START Records to use

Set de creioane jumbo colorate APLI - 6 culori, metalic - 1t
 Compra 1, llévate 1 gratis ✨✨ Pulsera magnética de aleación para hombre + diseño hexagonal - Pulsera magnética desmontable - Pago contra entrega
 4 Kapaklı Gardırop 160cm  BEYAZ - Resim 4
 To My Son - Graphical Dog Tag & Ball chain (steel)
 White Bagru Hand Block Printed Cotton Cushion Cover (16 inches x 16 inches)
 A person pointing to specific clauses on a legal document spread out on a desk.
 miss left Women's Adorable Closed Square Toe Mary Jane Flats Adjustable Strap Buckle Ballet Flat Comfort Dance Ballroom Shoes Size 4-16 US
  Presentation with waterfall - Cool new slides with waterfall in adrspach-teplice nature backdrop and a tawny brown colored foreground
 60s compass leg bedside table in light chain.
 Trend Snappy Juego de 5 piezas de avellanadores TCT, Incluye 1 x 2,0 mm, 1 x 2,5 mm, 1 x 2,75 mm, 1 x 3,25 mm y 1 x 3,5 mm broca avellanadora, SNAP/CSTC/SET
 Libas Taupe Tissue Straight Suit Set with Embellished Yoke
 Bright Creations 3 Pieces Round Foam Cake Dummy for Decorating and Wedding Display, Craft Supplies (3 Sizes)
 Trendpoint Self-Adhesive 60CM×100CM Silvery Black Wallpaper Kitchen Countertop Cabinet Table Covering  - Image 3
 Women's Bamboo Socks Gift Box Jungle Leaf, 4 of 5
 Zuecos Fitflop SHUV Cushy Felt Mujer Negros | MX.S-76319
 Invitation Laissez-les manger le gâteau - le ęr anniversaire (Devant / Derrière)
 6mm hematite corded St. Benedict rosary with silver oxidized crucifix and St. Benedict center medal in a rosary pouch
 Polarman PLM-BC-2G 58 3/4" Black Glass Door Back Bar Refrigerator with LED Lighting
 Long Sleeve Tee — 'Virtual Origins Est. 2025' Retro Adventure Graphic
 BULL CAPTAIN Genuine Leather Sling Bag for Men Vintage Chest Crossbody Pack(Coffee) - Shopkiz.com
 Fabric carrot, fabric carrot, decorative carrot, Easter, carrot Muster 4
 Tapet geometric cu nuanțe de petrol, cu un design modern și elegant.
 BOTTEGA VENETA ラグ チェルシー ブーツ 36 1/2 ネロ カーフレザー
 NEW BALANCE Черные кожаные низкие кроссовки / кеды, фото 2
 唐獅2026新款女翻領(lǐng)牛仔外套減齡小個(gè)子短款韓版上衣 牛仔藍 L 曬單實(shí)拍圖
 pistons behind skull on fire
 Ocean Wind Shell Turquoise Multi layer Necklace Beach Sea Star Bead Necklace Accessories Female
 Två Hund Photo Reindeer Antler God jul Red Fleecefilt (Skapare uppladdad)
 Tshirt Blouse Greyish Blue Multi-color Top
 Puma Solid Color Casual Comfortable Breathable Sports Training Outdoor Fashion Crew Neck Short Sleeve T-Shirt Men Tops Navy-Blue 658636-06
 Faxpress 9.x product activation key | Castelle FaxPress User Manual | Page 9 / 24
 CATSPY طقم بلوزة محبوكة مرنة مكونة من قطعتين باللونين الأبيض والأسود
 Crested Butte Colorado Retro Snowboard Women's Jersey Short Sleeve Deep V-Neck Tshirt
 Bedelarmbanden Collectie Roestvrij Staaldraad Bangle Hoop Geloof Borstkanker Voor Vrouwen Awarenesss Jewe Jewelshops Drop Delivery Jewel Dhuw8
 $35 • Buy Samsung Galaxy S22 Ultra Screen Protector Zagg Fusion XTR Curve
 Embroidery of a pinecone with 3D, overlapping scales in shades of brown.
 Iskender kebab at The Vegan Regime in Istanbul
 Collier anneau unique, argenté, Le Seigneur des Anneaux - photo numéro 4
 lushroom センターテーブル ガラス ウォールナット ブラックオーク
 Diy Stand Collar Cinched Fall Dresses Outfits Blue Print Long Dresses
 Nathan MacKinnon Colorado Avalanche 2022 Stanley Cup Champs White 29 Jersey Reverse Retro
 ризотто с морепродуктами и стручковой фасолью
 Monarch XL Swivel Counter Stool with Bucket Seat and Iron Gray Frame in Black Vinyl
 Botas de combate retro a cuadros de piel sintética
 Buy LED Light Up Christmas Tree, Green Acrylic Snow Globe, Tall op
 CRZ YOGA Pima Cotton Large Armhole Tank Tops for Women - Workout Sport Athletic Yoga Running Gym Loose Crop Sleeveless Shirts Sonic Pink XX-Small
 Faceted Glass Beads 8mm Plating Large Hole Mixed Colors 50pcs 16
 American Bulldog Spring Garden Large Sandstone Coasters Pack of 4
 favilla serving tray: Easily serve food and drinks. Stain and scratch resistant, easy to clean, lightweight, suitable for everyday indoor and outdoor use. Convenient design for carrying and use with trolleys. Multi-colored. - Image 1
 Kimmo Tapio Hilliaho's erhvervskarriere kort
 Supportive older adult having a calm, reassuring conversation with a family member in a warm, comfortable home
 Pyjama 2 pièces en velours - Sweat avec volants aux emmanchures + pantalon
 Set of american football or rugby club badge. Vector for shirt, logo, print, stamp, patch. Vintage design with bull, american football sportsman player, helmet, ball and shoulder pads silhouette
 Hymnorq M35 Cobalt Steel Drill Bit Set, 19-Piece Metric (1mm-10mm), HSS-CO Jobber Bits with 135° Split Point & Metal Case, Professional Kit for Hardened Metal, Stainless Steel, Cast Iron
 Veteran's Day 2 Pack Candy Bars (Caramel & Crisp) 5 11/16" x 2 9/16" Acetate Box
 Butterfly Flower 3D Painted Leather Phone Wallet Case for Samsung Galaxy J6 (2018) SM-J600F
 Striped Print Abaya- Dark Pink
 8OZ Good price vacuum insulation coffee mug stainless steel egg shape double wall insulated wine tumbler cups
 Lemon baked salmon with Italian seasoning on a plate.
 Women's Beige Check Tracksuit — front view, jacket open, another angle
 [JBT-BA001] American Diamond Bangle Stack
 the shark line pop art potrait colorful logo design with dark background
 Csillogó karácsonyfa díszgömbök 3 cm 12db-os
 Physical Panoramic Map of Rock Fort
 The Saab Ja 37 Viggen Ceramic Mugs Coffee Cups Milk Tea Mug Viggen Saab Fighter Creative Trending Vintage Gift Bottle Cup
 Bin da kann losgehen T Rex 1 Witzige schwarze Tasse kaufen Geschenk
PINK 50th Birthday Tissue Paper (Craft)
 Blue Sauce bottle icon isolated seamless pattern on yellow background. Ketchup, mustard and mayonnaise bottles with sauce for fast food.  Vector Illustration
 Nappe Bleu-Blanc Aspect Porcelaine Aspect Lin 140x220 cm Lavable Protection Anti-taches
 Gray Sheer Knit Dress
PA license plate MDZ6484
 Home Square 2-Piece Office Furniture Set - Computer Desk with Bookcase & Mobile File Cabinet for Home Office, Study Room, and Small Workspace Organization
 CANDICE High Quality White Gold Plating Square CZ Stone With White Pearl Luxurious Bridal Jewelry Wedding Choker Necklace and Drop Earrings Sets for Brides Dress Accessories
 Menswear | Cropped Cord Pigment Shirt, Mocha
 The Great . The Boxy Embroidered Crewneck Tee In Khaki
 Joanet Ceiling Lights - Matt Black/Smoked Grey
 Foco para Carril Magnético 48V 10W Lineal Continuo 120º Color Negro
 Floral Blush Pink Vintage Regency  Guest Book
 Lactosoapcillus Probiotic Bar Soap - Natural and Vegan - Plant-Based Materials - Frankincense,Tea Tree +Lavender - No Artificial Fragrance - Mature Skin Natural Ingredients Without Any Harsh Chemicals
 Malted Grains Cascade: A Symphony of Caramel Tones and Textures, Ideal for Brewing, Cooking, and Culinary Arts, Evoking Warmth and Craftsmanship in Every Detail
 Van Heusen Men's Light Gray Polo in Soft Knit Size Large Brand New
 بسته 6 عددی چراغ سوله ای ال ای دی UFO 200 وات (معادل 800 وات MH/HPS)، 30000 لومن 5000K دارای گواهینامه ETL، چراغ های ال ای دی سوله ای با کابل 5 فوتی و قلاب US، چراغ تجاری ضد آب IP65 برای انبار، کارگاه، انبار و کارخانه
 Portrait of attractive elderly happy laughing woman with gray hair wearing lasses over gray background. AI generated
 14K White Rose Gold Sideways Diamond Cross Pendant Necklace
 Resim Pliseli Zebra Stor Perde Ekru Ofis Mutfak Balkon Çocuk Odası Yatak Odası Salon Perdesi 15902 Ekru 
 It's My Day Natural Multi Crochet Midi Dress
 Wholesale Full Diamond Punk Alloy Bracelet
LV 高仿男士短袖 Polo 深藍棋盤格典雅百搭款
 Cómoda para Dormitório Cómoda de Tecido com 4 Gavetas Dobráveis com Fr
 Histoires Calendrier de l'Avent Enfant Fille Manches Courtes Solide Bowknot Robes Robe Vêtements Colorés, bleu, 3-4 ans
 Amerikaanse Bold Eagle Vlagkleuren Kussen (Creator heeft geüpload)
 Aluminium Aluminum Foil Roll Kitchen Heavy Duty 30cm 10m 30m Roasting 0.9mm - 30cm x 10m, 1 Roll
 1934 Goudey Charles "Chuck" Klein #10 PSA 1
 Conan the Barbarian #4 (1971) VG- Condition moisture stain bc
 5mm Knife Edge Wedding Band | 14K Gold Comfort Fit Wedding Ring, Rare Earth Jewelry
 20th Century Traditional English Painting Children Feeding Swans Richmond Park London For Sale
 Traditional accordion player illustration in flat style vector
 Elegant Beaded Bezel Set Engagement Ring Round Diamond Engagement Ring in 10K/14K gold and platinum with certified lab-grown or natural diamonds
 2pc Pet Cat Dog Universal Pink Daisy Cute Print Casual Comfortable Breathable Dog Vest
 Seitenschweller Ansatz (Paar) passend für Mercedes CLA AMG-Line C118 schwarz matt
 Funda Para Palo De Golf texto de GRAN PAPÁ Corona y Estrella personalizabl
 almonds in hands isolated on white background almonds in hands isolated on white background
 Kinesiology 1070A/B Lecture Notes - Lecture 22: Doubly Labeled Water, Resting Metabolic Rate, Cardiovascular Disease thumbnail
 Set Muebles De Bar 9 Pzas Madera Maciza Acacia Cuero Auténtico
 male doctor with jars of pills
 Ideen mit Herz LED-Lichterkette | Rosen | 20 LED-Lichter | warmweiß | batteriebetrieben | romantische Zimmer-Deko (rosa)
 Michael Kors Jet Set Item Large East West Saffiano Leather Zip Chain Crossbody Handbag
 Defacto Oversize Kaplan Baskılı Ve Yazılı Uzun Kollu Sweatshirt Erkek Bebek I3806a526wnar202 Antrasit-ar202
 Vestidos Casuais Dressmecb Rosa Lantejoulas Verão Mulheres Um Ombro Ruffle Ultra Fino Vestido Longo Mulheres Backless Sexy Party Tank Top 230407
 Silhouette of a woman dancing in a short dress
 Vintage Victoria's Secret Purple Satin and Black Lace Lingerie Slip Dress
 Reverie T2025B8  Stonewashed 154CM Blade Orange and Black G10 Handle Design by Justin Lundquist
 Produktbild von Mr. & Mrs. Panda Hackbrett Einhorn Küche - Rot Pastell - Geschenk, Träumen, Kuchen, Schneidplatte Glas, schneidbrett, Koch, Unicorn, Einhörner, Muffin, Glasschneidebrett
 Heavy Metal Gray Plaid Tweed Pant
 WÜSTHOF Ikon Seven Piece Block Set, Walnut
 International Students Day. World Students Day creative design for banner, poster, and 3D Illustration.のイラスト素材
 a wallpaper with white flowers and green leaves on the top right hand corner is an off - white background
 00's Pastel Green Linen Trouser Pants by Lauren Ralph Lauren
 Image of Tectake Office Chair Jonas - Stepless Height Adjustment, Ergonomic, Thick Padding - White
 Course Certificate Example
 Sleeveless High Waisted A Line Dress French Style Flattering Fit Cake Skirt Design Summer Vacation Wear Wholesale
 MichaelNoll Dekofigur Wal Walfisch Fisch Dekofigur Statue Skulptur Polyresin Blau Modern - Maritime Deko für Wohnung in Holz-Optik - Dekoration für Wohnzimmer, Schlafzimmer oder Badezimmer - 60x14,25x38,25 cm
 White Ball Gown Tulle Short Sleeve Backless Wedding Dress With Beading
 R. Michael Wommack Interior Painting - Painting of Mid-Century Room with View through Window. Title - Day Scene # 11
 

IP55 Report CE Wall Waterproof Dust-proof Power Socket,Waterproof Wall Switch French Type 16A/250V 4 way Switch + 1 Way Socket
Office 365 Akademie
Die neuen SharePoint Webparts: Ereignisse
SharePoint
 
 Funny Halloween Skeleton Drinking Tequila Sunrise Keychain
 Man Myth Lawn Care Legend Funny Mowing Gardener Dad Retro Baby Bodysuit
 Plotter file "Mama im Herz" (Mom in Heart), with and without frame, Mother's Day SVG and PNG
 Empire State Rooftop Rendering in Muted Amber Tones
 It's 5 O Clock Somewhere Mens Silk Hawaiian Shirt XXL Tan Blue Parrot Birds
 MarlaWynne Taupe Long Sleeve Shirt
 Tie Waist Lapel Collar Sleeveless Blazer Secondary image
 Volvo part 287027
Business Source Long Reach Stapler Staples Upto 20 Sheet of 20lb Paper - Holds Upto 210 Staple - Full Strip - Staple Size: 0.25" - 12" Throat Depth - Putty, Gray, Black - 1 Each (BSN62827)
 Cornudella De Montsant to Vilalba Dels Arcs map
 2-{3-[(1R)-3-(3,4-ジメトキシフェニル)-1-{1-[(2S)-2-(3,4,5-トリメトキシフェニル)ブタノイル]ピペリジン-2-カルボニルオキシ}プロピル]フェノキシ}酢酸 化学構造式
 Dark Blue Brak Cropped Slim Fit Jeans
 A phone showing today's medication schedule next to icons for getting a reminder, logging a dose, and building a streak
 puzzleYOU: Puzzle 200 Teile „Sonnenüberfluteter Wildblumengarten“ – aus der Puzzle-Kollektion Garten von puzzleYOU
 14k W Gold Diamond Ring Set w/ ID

END Records to use

• _Exercise_: In the listing above, find the line containing "White Bagru Hand" and the line containing "NEW BALANCE Черные". Output them and every line between, exactly, and nothing else.

• _Response box_:
 White Bagru Hand Block Printed Cotton Cushion Cover (16 inches x 16 inches)
 A person pointing to specific clauses on a legal document spread out on a desk.
 miss left Women's Adorable Closed Square Toe Mary Jane Flats Adjustable Strap Buckle Ballet Flat Comfort Dance Ballroom Shoes Size 4-16 US
  Presentation with waterfall - Cool new slides with waterfall in adrspach-teplice nature backdrop and a tawny brown colored foreground
 60s compass leg bedside table in light chain.
 Trend Snappy Juego de 5 piezas de avellanadores TCT, Incluye 1 x 2,0 mm, 1 x 2,5 mm, 1 x 2,75 mm, 1 x 3,25 mm y 1 x 3,5 mm broca avellanadora, SNAP/CSTC/SET
 Libas Taupe Tissue Straight Suit Set with Embellished Yoke
 Bright Creations 3 Pieces Round Foam Cake Dummy for Decorating and Wedding Display, Craft Supplies (3 Sizes)
 Trendpoint Self-Adhesive 60CM×100CM Silvery Black Wallpaper Kitchen Countertop Cabinet Table Covering  - Image 3
 Women's Bamboo Socks Gift Box Jungle Leaf, 4 of 5
 Zuecos Fitflop SHUV Cushy Felt Mujer Negros | MX.S-76319
 Invitation Laissez-les manger le gâteau - le ęr anniversaire (Devant / Derrière)
 6mm hematite corded St. Benedict rosary with silver oxidized crucifix and St. Benedict center medal in a rosary pouch
 Polarman PLM-BC-2G 58 3/4" Black Glass Door Back Bar Refrigerator with LED Lighting
 Long Sleeve Tee — 'Virtual Origins Est. 2025' Retro Adventure Graphic
 BULL CAPTAIN Genuine Leather Sling Bag for Men Vintage Chest Crossbody Pack(Coffee) - Shopkiz.com
 Fabric carrot, fabric carrot, decorative carrot, Easter, carrot Muster 4
 Tapet geometric cu nuanțe de petrol, cu un design modern și elegant.
 BOTTEGA VENETA ラグ チェルシー ブーツ 36 1/2 ネロ カーフレザー
 NEW BALANCE Черные кожаные низкие кроссовки / кеды, фото 2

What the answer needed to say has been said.